Jerry Baack (Chairman and CEO)
Thank you, Justin, and thank you everyone for joining us this morning. Bridgewater reported another strong quarter, highlighted by impressive revenue and balance sheet growth trends, well-controlled expenses, and strong asset quality, all driving the consistent tangible book value growth that we are known for. We have been very pleased with the revenue growth trends we have seen over the past several quarters, and especially here in the second quarter. As expected, our loan portfolio continues to reprice higher in the current rate environment, which helped net interest margin expand by 11 basis points. Meanwhile, the momentum we have seen in core deposit growth over the past year has allowed us to ramp up loan growth to more normalized levels, including a 12.5% annualized rate in the second quarter. We continue to see opportunities across CRE, multifamily, C&I, and construction.
As a result, net interest income grew $2.2 million during the quarter. It wasn't just net interest income that drove total revenue growth. In fact, we generated record fee income, even when excluding gain on sale of securities and flood prepayment income, both of which were one-time in nature. We brought in nearly $1 million of swap fee income during the quarter and saw over $200,000 of investment advisory fees related to the platform we acquired from First Minnetonka City Bank. This growth in fee income has allowed us to enhance our overall revenue diversification. Asset quality remained strong as we saw another quarter with no net charge-offs, while non-performing assets remained steady at 0.19%, about half of peer levels.

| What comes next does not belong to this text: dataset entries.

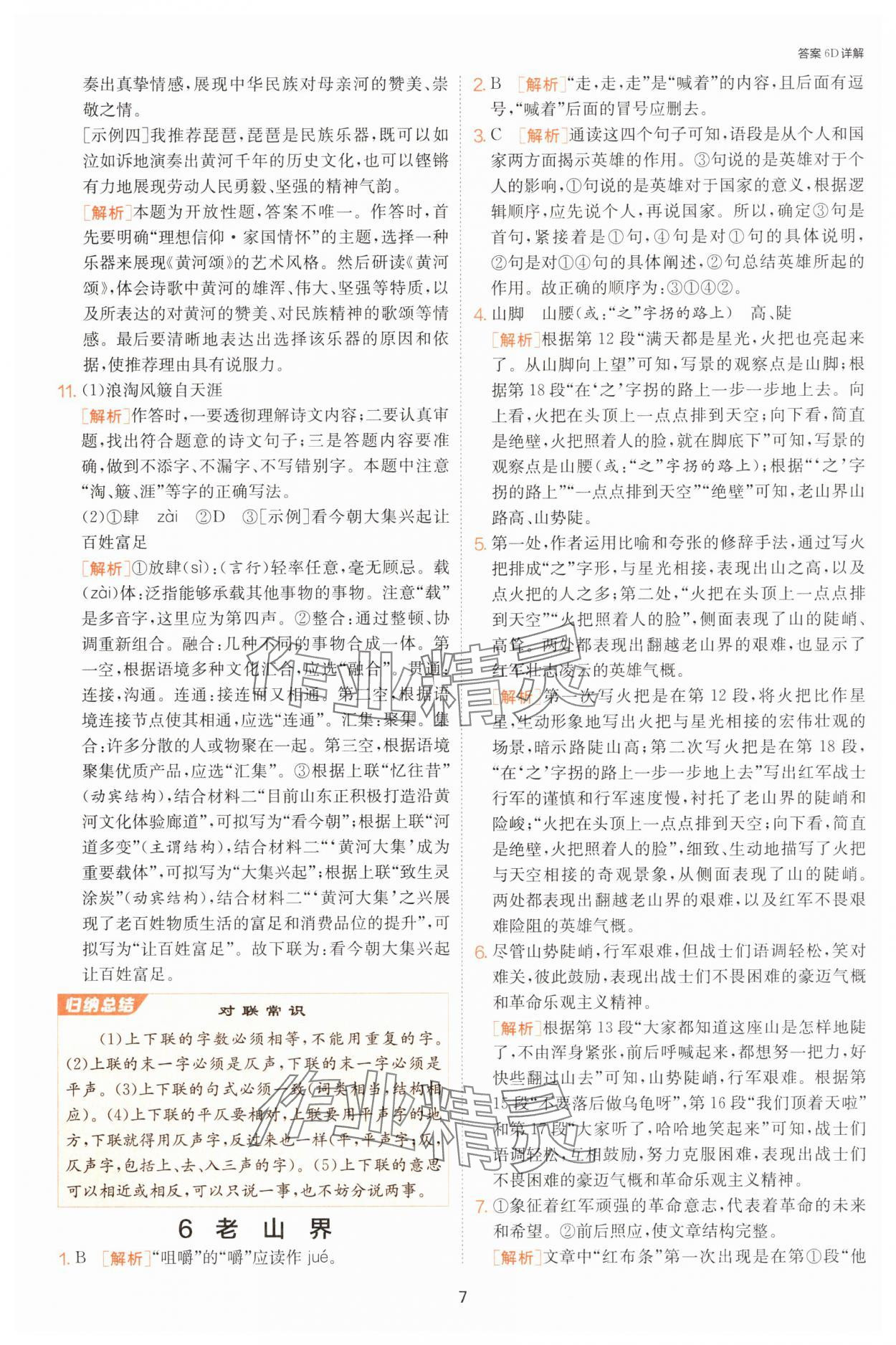 2025年課時訓(xùn)練七年級語文下冊人教版江蘇人民出版社 第7頁
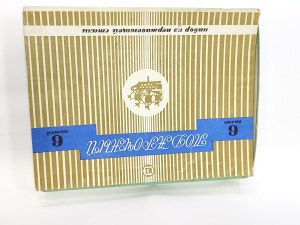 Set of 12 cutlery 'Gift' in original box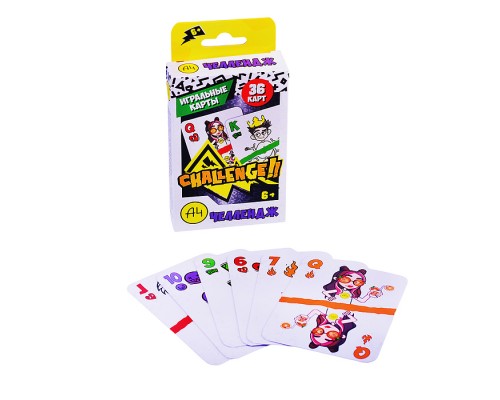 Настольная игра. Влад А4. Челлендж (игральные карты)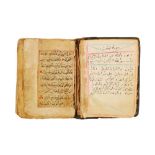 A SMALL PRAYER BOOK Ottoman Turkey, 19th century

We did see a modest uptick in classified loans, which Jeff will talk more about in a few minutes, but we remained very pleased with the overall quality of our loan portfolio, which has a long track record of being among the best in the industry. When we pull all of these results together, we produce another quarter of tangible book value per share growth, as you can see on slide four. After a rare quarterly decline in the fourth quarter of 2024 due to our acquisition of First Minnetonka City Bank, tangible book value per share has resumed its consistent growth trend in 2025, up nearly 11% annualized year to date. In addition, we opportunistically repurchased $1.6 million of common stock early in the second quarter.
Before I turn it over to Joe, I want to take a moment to talk about a few other initiatives we have going on. First, market disruption in the Twin Cities has returned following Old National's recent acquisition of Bremer Bank. Historically, this type of M&A disruption has been a significant contributor to Bridgewater's growth, both through talent and client acquisition. We don't expect this wave to be any different. We are actively having conversations and marketing the bank to ensure we are viewed as a bank of choice for those looking to continue banking local. We have already seen solid traction in this area. We have two other long-term initiatives that we expect to complete in the third quarter. The first is the rollout of our enhanced retail and small business online banking platform.

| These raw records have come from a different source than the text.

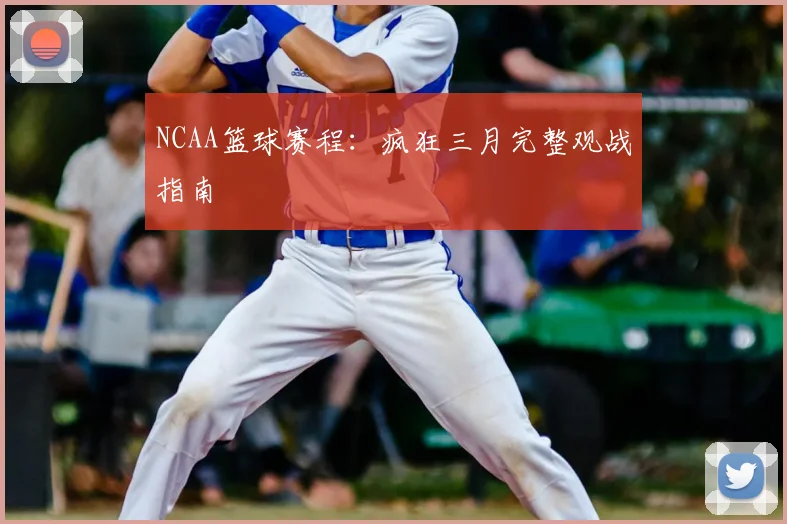NCAA篮球赛程:疯狂三月完整观战指南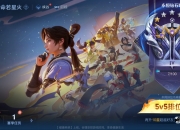 开云体育在线-关于神仙对局！王者荣耀比赛过程堪比大片的信息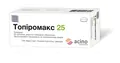Топіромакс 25 таблетки, в/плів. обол. по 25 мг №30 (10х3)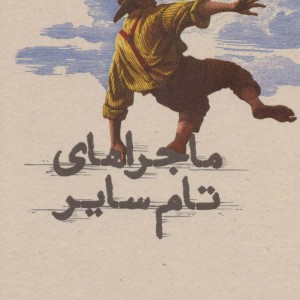 ماجراهای تام سایر نشر کارنامه قطع پالتوئی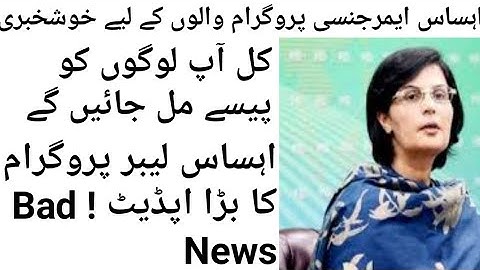 Ehsaas Emergency Cash Program ¦¦ New Updates ¦¦ Big News ¦¦ Ehsaas Labour Program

The second is the systems conversion of our First Minnetonka City Bank acquisition, which is right on track. It's also worth mentioning the strong deposit retention we have seen as part of the acquisition, as current balances remain within 3% of acquired balances. I'm so appreciative to the various teams across the bank that have been working diligently to get these projects to the finish line. Lastly, one of our biggest differentiators for Bridgewater is our unconventional culture. While I often don't feel like our culture gets enough credit for the impact it has on the overall success of our business, we were pleased to be again recognized as a 2025 top workplace by the Star Tribune. With that, I'll turn it over to Joe.

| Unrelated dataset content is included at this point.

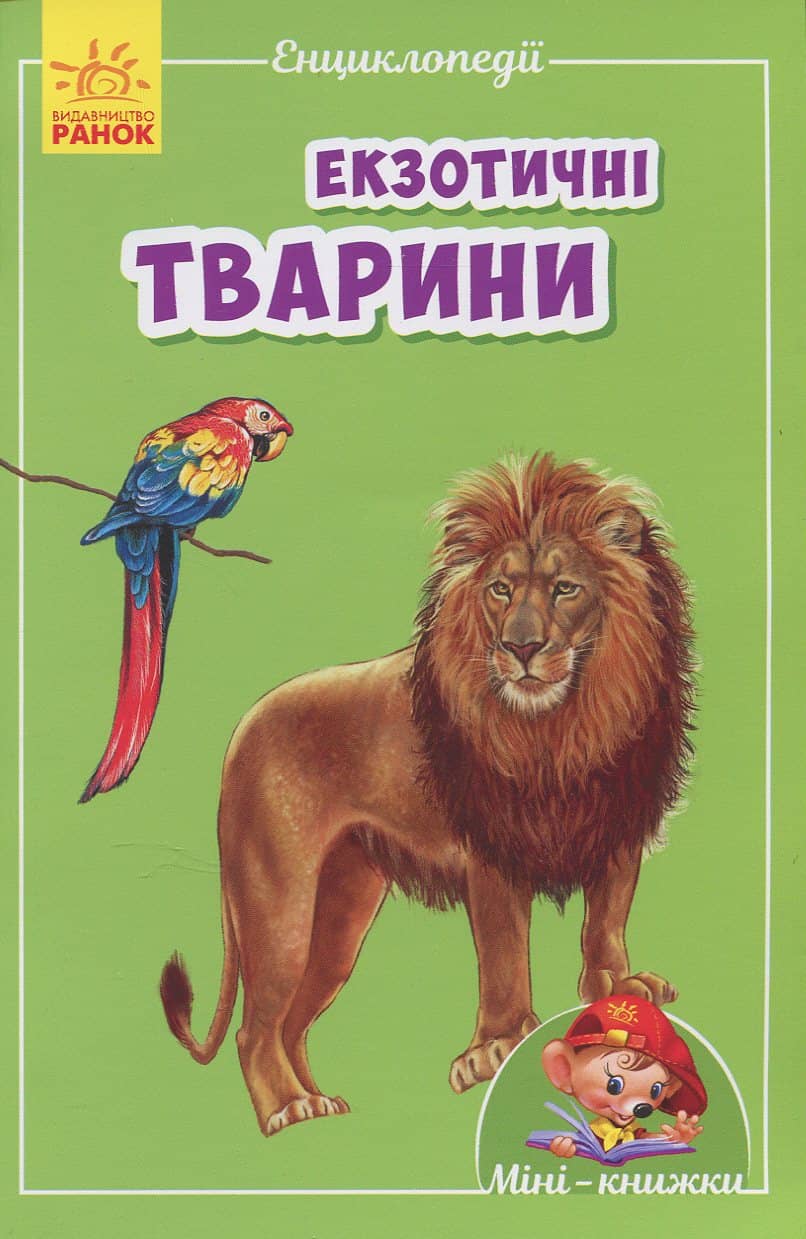 Екзотичні тварини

Joe Chybowski (President and CFO)
Thank you, Jerry. Slide five highlights the strong net interest income growth and net interest margin expansion trends we have seen over the past several quarters. This includes 38 basis points of margin expansion since the third quarter of 2024. After net interest margin increased by 19 basis points in the first quarter, our expectation was that the pace of expansion would begin to slow as we got further away from the rate cuts late in 2024. This is exactly what we saw as the second quarter margin expanded 11 basis points to 2.62%. Not surprisingly, we saw our predominantly fixed-rate loan portfolio continue to reprice higher in the current environment, while our deposit costs began to stabilize. In addition, loan fees increased this quarter as payoffs ticked up.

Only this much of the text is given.